There are several fundamental types. The standard header <limits.h> described in Appendix B defines the largest and smallest values of each type in the local implementation. The numbers given in Appendix B show the smallest acceptable magnitudes.

Objects declared as characters (char) are large enough to store any member of the execution character set. If a genuine character from that set is stored in a char object, its value is equivalent to the integer code for the character, and is non-negative. Other quantities may be stored into char variables, but the available range of values, and especially whether the value is signed, is implementation-dependent.

Unsigned characters declared unsigned char consume the same amount of space as plain characters, but always appear non-negative; explicitly signed characters declared signed char likewise take the same space as plain characters.

unsigned char type does not appear in the first edition of this book, but is in common use. signed char is new.

Besides the char types, up to three sizes of integer, declared short int int, and long int, are available. Plain int objects have the natural size suggested by the host machine architecture; the other sizes are provided to meet special needs.
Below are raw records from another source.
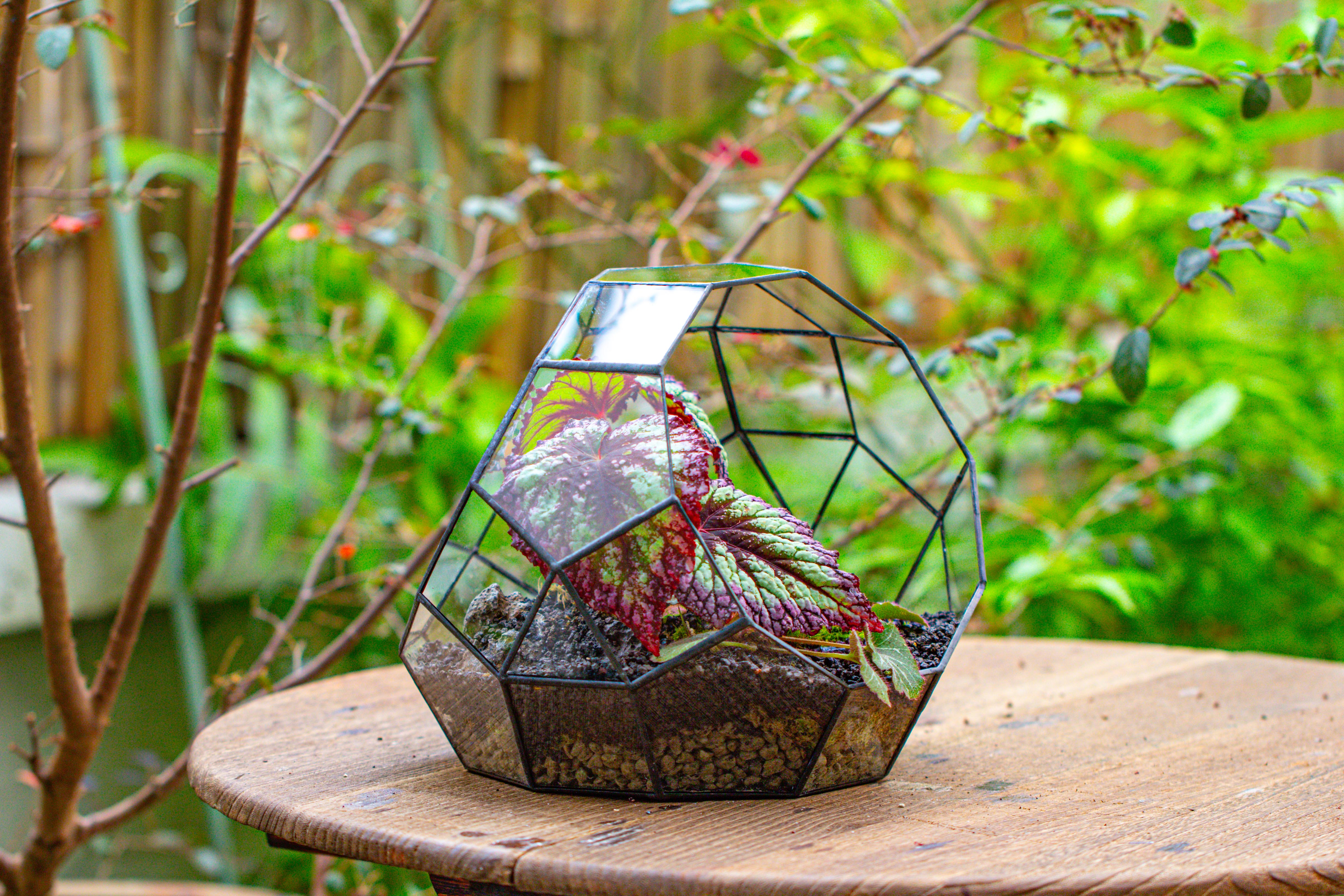 Glass Geometric Moon Terrarium,  Open - NCYPgarden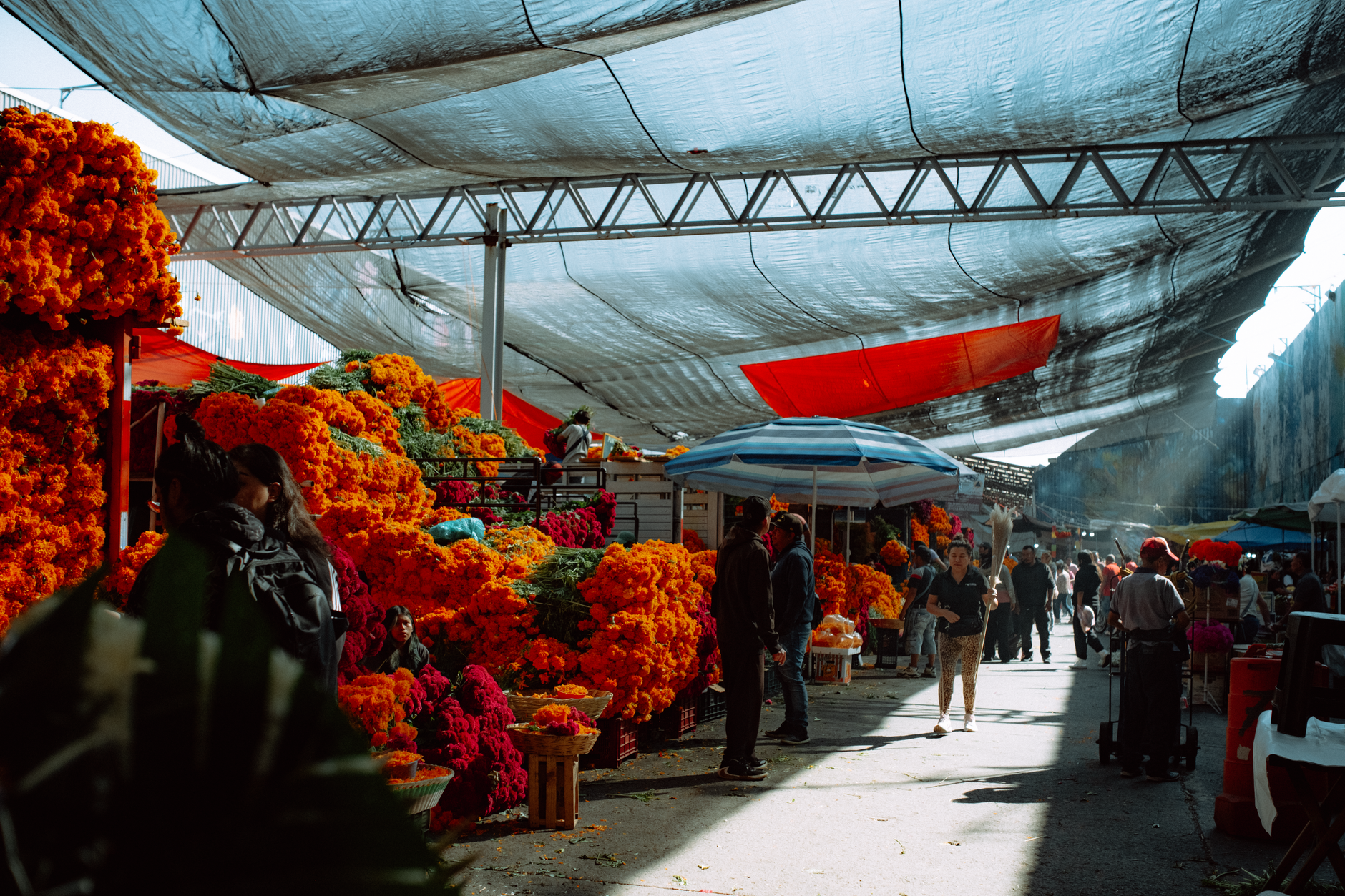 rows of empty market vendor stalls inside a covered Latino mercado, folding tables bare and lighting fixtures switched off in the early morning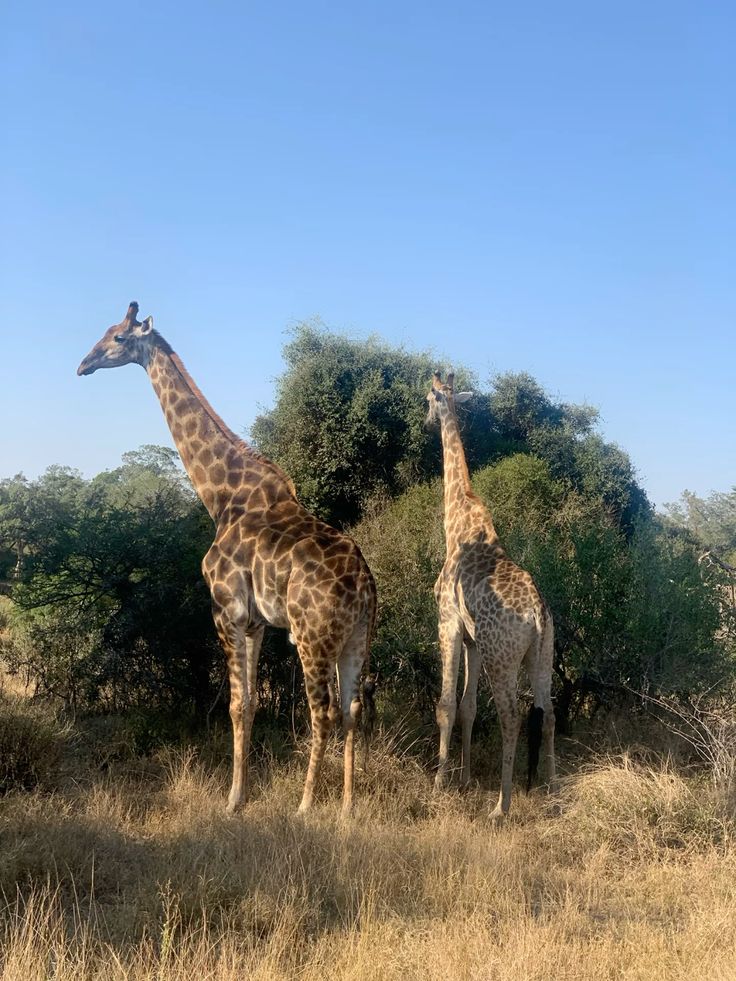 Safari de 2 dias en el Gran Kruger – Escapada economica con fauna silvestre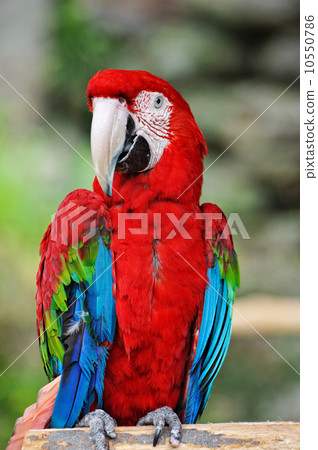 Scarlet macaw Scarlet macaw 10550786
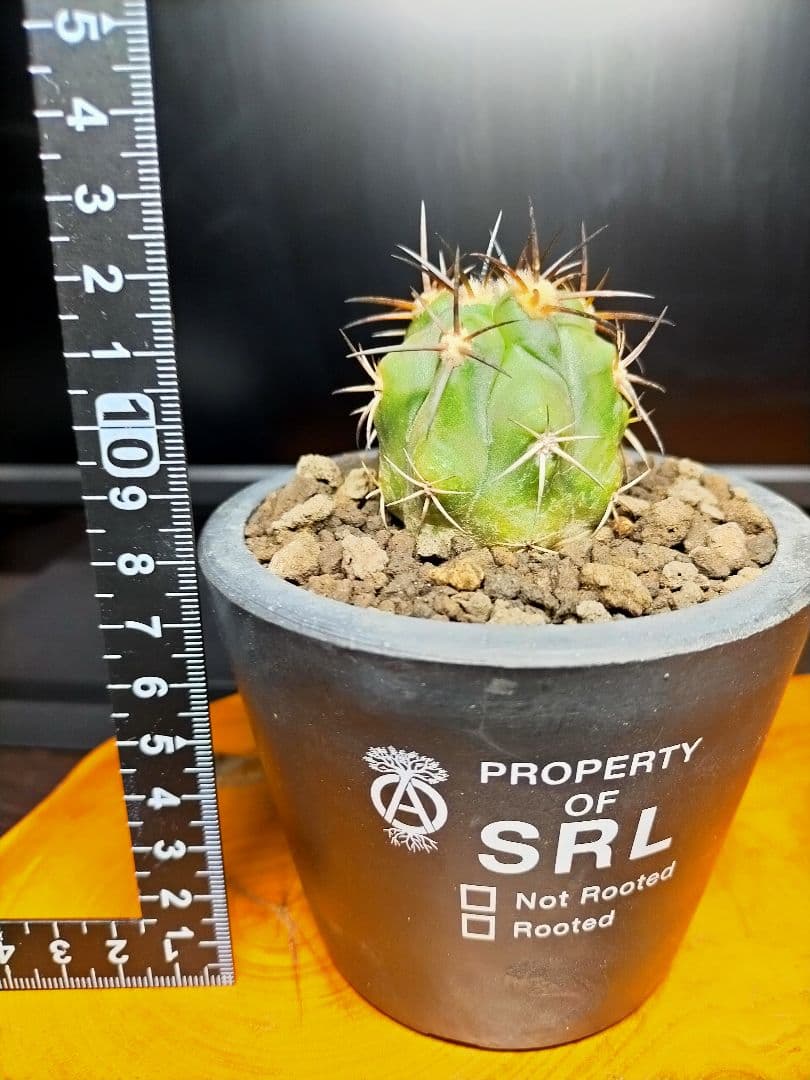 サボテン コピアポア 黒王丸×帝冠竜 (シネレア×カルデラナ) SRL鉢ごと配送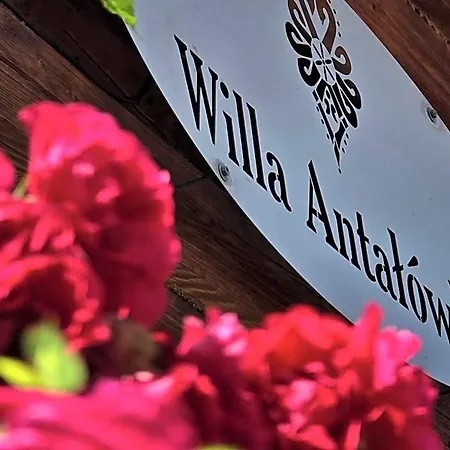 Antalowka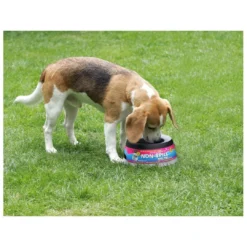 Road Refresher Grijs -Exporteren AvoDierenRuiter winkel LGRR 3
Longer integers provide at least as much storage as shorter ones, but the implementation may make plain integers equivalent to either short integers, or long integers. The int types all represent signed values unless specified otherwise.

Unsigned integers, declared using the keyword unsigned, obey the laws of arithmetic modulo 2n where n is the number of bits in the representation, and thus arithmetic on unsigned quantities can never overflow. The set of non-negative values that can be stored in a signed object is a subset of the values that can be stored in the corresponding unsigned object, and the representation for the overlapping values is the same.

Any of single precision floating point (float), double precision floating point (double), and extra precision floating point (long double) may be synonymous, but the ones later in the list are at least as precise as those before.

long double is new. The first edition made long float equivalent to double; the locution has been withdrawn.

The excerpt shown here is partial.